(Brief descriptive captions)

►

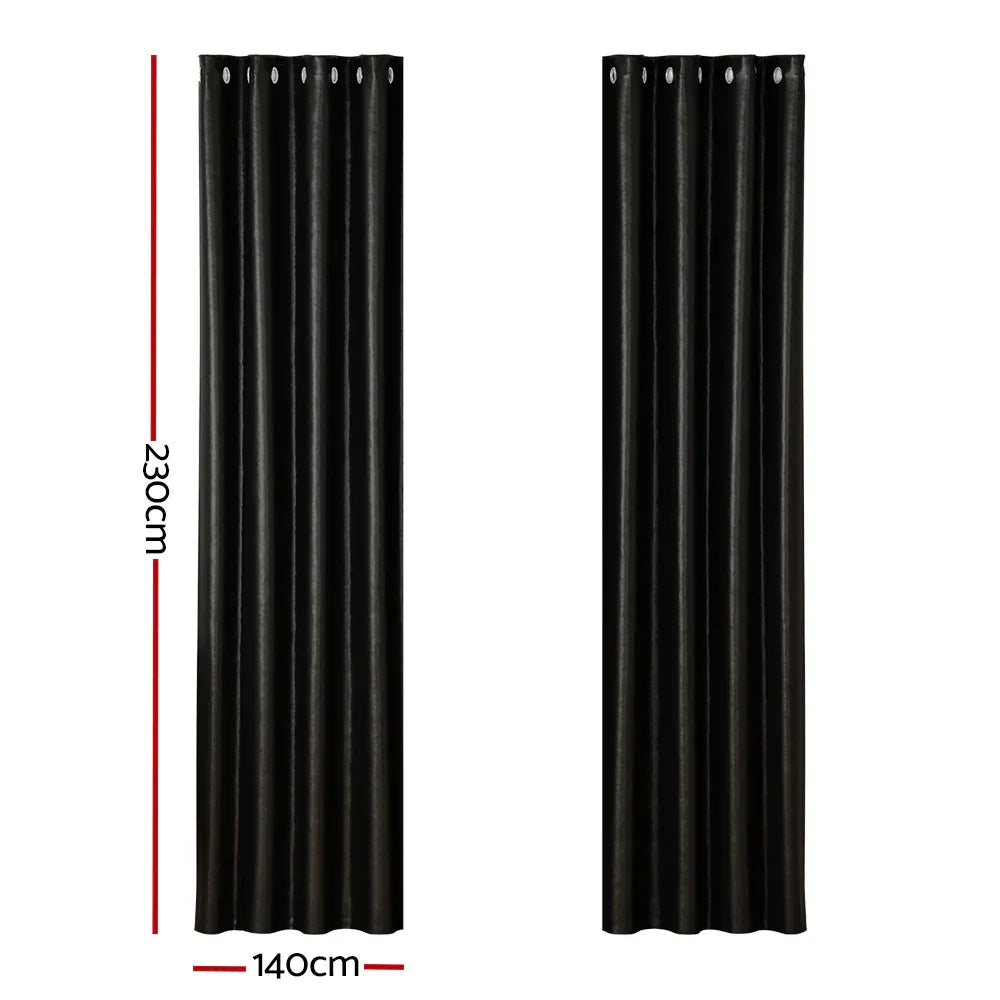 Artiss 2X Blockout Curtains Eyelet 140x230cm Black Shine - Mekamart Australia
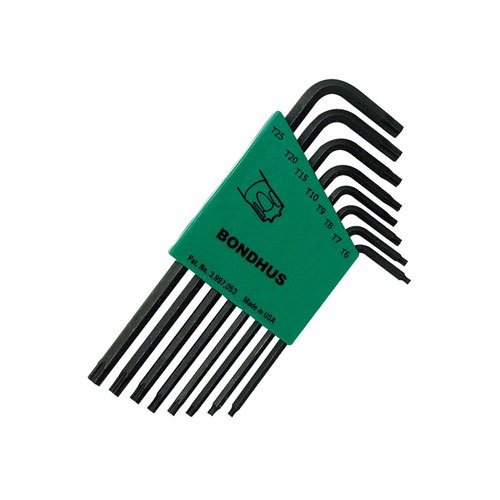 BONDHUS 8 PC TORX WRENCH SET inkluderer wrencher for T6 til T25, lagret i en låsbar mappe som forhindrer tap av verktøy. Perfekt for skruer til kikkertsikter.
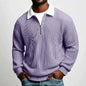 New Style Solid Color Waffle-Knit Long-Sleeve Sweatshirt for Men - Half-Zip Athletic Top (Spring & Autumn Collection)
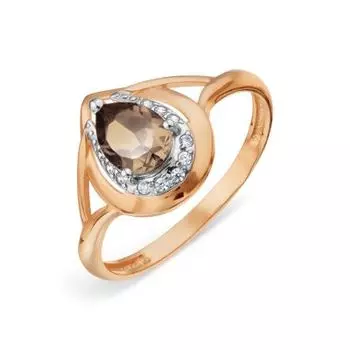 Кольцо с раухтопазом и фианитами Линии Любви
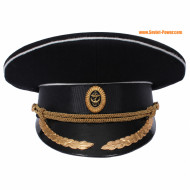 Cappello Nero Vintage Con Visiera Da Capitano Navale Sovietico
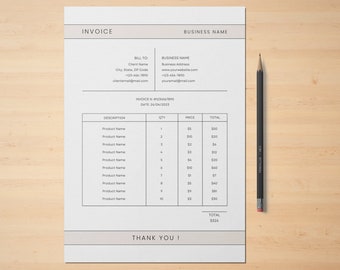 Invoice Template, Business Invoice Template, Printable Invoice, Order Form, Services Invoice, Canva Editable Receipt, INSTANT DOWNLOAD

◄

Your output should be exactly the lines of the records above from the one with "Кольцо с раухтопазом и фианитами Линии Любви" through the last, both ends included, with pictures excluded.

 Кольцо с раухтопазом и фианитами Линии Любви
 Cappello Nero Vintage Con Visiera Da Capitano Navale Sovietico
 Invoice Template, Business Invoice Template, Printable Invoice, Order Form, Services Invoice, Canva Editable Receipt, INSTANT DOWNLOAD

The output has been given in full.